Young bloggers get noticed, but is it safe?
On her blog, 12-year-old Tavi Gevinson posts photos of herself wielding a toilet plunger, posing in a room covered with newsprint and wearing a paint-splattered tutu inspired by Dolce & Gabbana's spring 2008 collection.
She's part of a young generation of fashion bloggers who display pictures of their outfits for all to see.
"Well I am new here," she wrote March 31 in her first post at Style Rookie. "Lately I've been really interested in fashion, and I like to make binders and slide shows of 'high-fashion' modeling and designs."
To some wary adults, she's in a world where she doesn't belong. Unlike a typical social network page, a blog can be seen by anyone. And at least one young fashion blogger says she's been recognized by strangers on the street - a worrisome turn for adults concerned about privacy and predators.
For the young bloggers, it's a chance to keep track of their obsession, with input from friends or other fashion fans.
"I just kind of wanted to document my outfits, and it was just a random thing that wasn't in relation to anything," says Brooke Kao, the Washington-based blogger of The Fashion Void That Is DC. Kao recently turned 18, but she was 16 when she started writing posts about what she wore.
The Internet exposure concerns advocates like Parry Aftab, a lawyer who runs the online protection site WiredSafety.org.
"Parents have no idea what their kids are doing online," Aftab says. "Most parents have no idea what a blog is."
Although the federal government requires extra protection for Internet users who are younger than 13, not every Web site follows COPPA, or the Children's Online Privacy Protection Act. Aftab notes that the social networking site Xanga.com was fined $1 million in 2006, accused of allowing preteens to create accounts without informing their parents.
Some young bloggers are taking their own steps to protect their privacy. Kao crops her face from photos, while 16-year-old Stephanie Ullman erased an early blog because too many kids at her school found it.
"I'm not a very private person," she says. "I share a lot of information to people, I guess more than I probably should.

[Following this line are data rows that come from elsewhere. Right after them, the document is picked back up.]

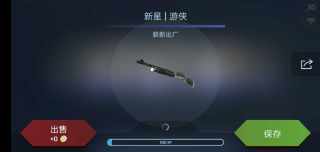 CSGO开箱模拟器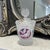 Vintage Hofbauer “Byrdes” Ruby Crystal Candy Dish / Jar With Lid For Sale - Image 17 of 17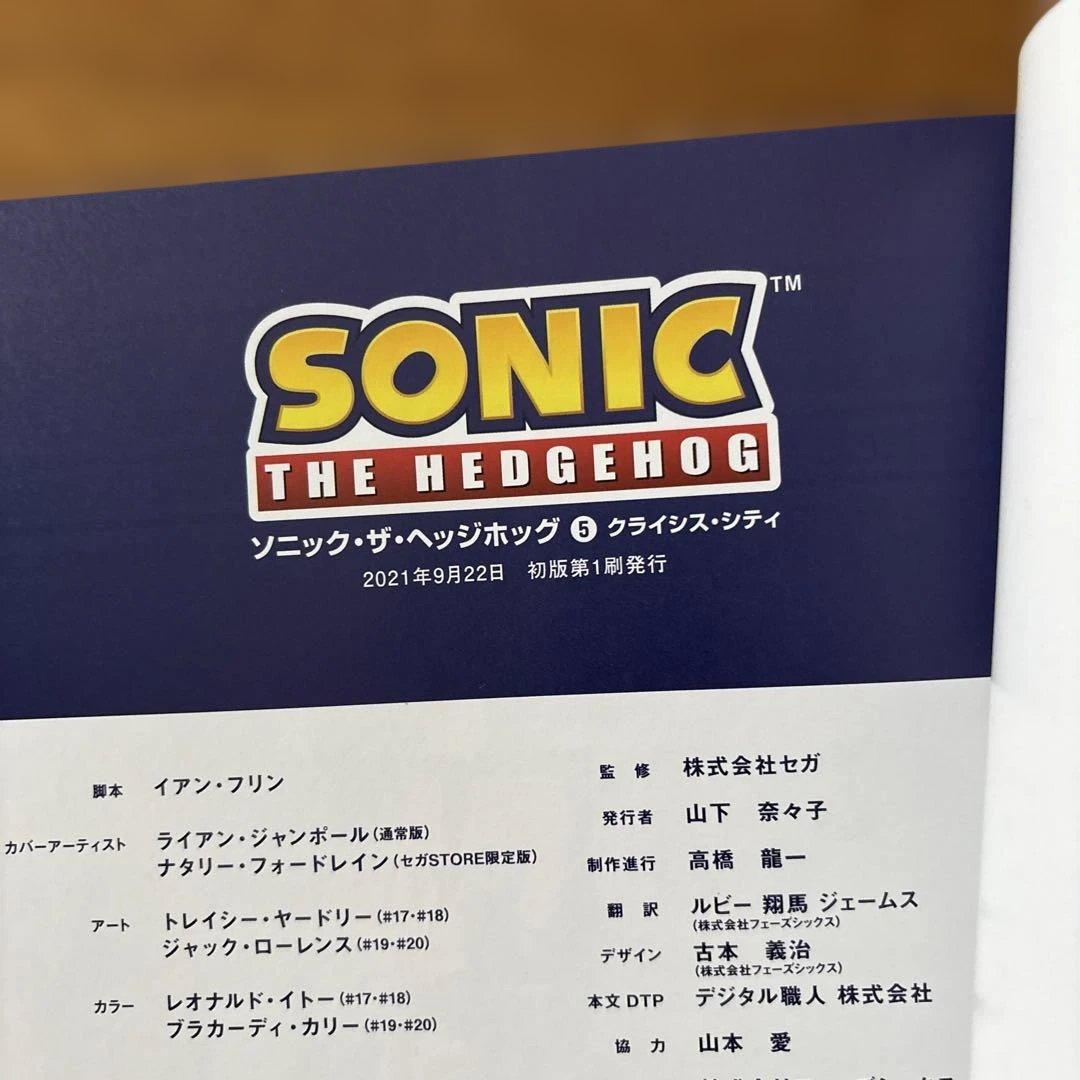 ソニック・ザ・ヘッジホッグ 1~8巻 セット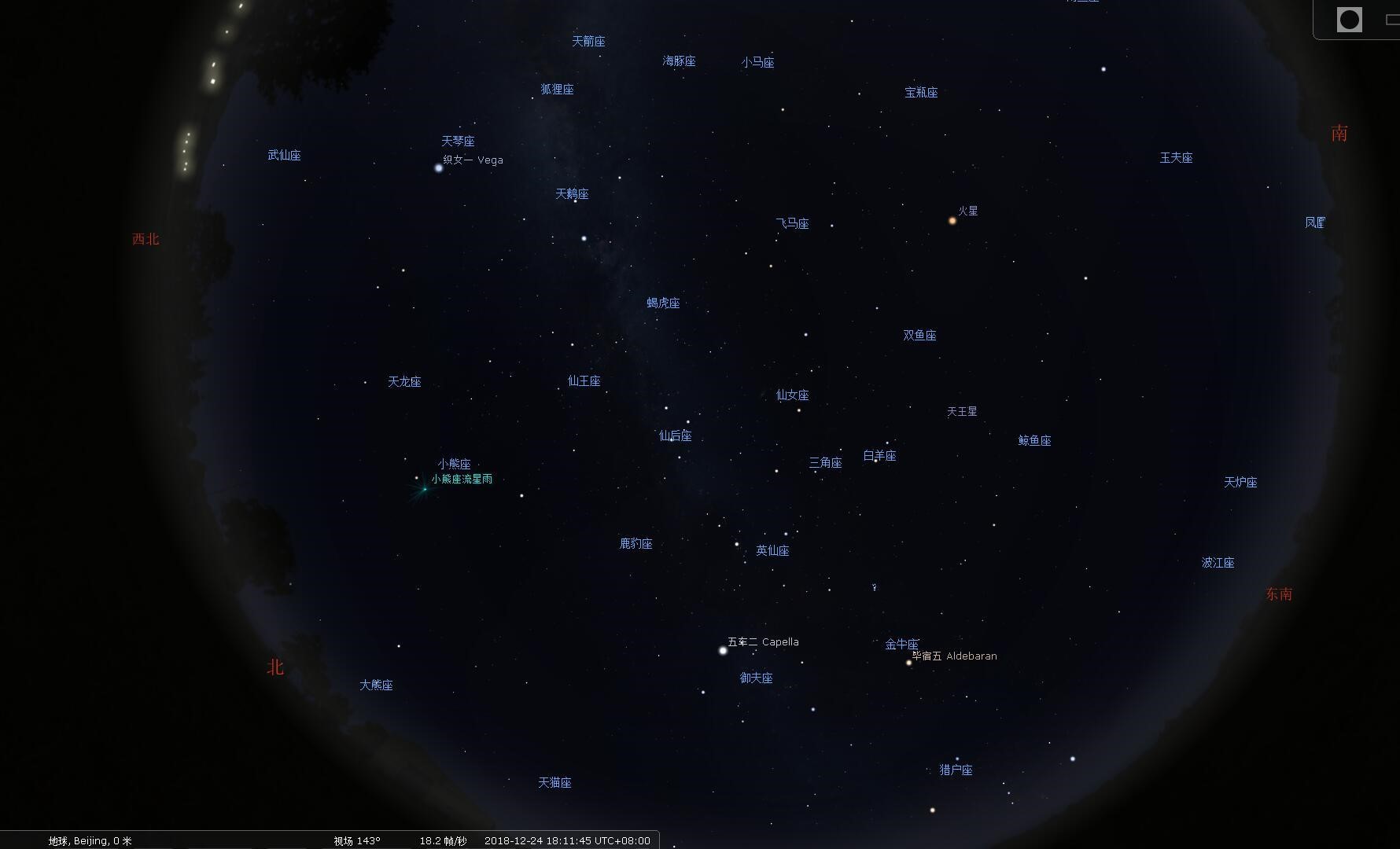 Stellarium�ٷ��氲�bʹ��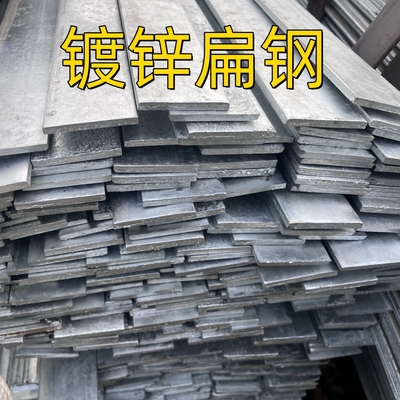 สแตนเลสแบนบาร์ S235JR ASTM A36 สําหรับวัสดุก่อสร้าง 60 * 6 * 6000MM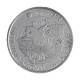 Moeda KM#707 1000 Escudos 1998 MBC Portugal Europa Exposição do Ano Internacional dos Oceanos Prata .500 Ø40mm 27gr.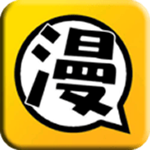 每日看漫畫 v1.0 安卓版 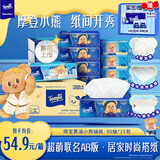 得宝（TEMPO）黄油小熊联名 抽纸 真M码 4层90抽*15包 纸巾 餐巾纸 卫生纸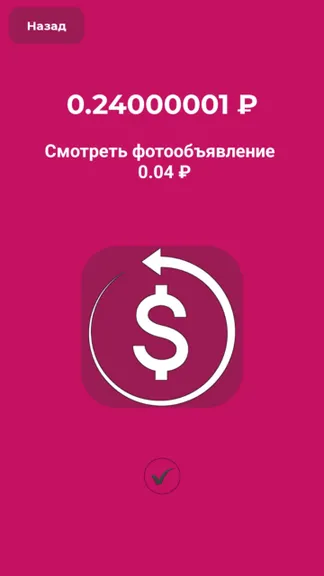 Скриншот 2/4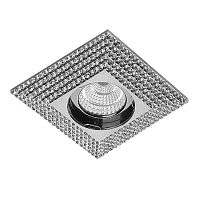Купить Встраиваемый светильник Azzardo Piramide XL AZ1612 в Туле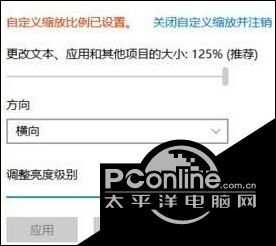 在windows10系統里面怎樣加粗字體？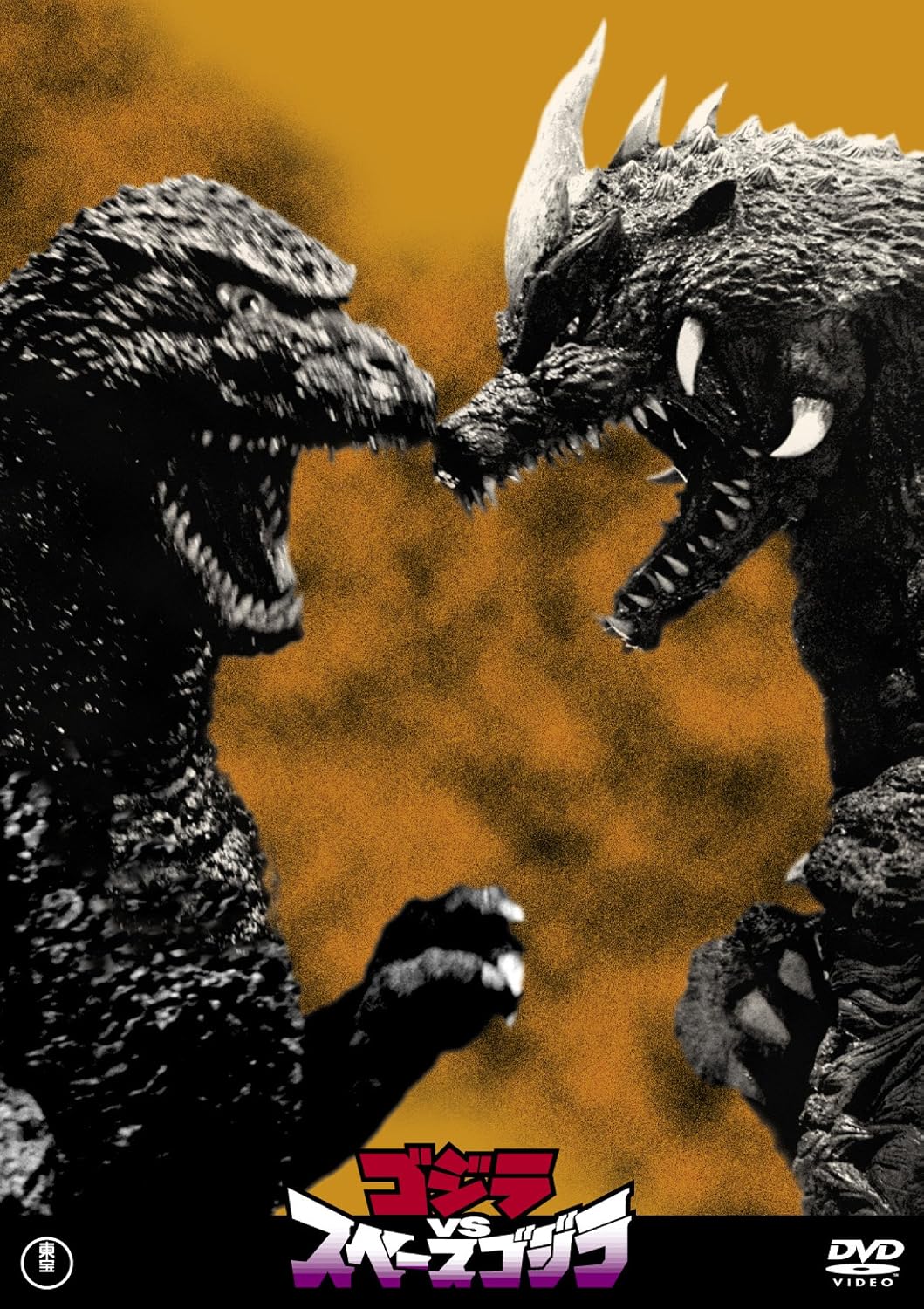 ゴジラvsスペースゴジラ 東宝dvd名作セレクション 映画 Amazon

But I just felt that I didn't want the people who are very close to me reading it because I guess I'm embarrassed about my writing sometimes."

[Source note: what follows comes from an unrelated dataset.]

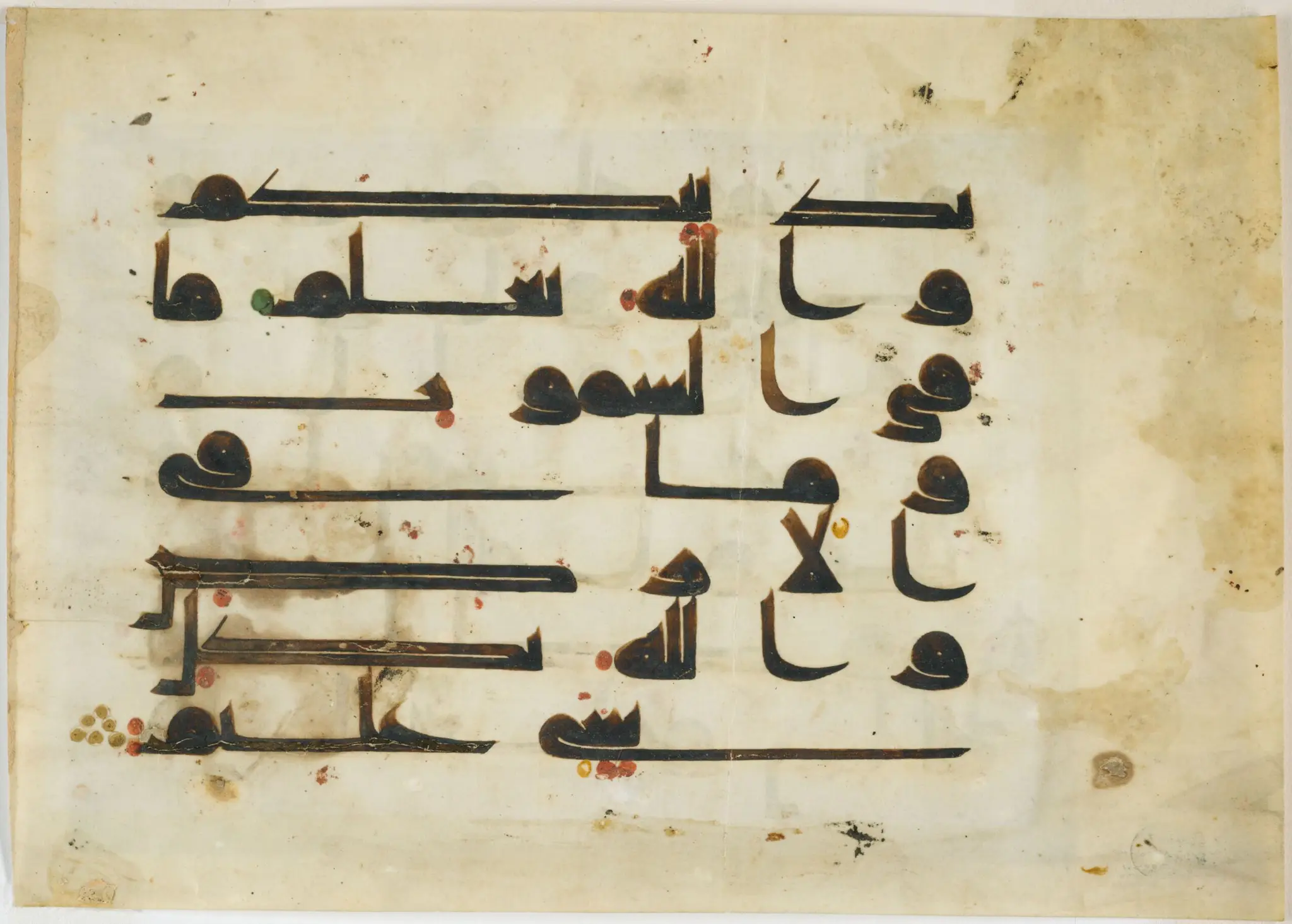 Folio from a Qur'an: Sura 49: mid 15 - begin 16 (recto), Sura 49: 16 (verso) by Unknown artist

It's that sharing of information with strangers that concerns mothers like Addie Swartz, CEO of the media company B-tween Productions and a mother of two teenage daughters. Swartz's company is launching a special social networking site for girls ages 9 to 12 because Swartz felt kids need "a safe place that lets them try out Facebook" without giving them opportunities to post personal data that blogs allow.
"I believe it's a great outlet if you're older and more mature, but you are opening yourself up to the world, and you have to be prepared for that," Swartz says. "I personally feel that it's not safe to have a child who's 12 or 13 have a blog and I wouldn't want my kids to do that."

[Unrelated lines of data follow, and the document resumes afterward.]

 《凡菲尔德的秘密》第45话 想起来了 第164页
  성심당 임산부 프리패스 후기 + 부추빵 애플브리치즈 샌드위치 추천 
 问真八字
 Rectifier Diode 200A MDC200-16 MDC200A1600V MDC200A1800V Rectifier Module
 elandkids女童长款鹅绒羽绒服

Although Aftab isn't against blogging, she is worried about some photos the girls post and the potential for cyberbullying by people they know.
"You are what you post online," she says. "Are you posing in a more provocative way? Is it how you want to be remembered when your next boyfriend sees it or your future mother-in-law sees it or your tuition scholarship person's going to review you for Dartmouth?"
Tavi's dad, Steve Gevinson, wasn't fully aware that she was blogging until she asked for permission to appear in an upcoming New York Times Magazine story on the subject.
"I may have known, but to me it was a kind of a non-thing to know," Gevinson, a high school English teacher, says from his home in Oak Park. "I didn't look at it. I wasn't terribly interested in seeing it."
Style Rookie went from a nonissue to a problem when in late July, New York magazine's fashion blog questioned Tavi's age, dissecting her precocious fashion sense and sophisticated taste in music. The resulting comments ranged from suspicious to nasty, with one reader claiming, "Anyone who actually believes she is 12 is an absolute idoit (sic)."
The Gevinsons were asleep at their vacation house in Michigan when Tavi checked her e-mail and found the post.
"She slept in the bed with us that night to get back to sleep," Gevinson says. The next night, "She woke up, and again woke us up, and said - and this is really heartbreaking - 'I just woke up crying and I don't even know why I'm crying.'"
Such negative responses are the reason why children shouldn't be blogging, Swartz says. "Whoever may comment and whatever feedback you may get - girls are very impressionable, especially girls in this age that we're ... talking about."
But Gevinson thinks kids like Tavi are stronger than parents believe. "I have a lot of confidence in her and in most kids, if not all kids, that they can figure it out if they have good guidance and caring people working with them," he says.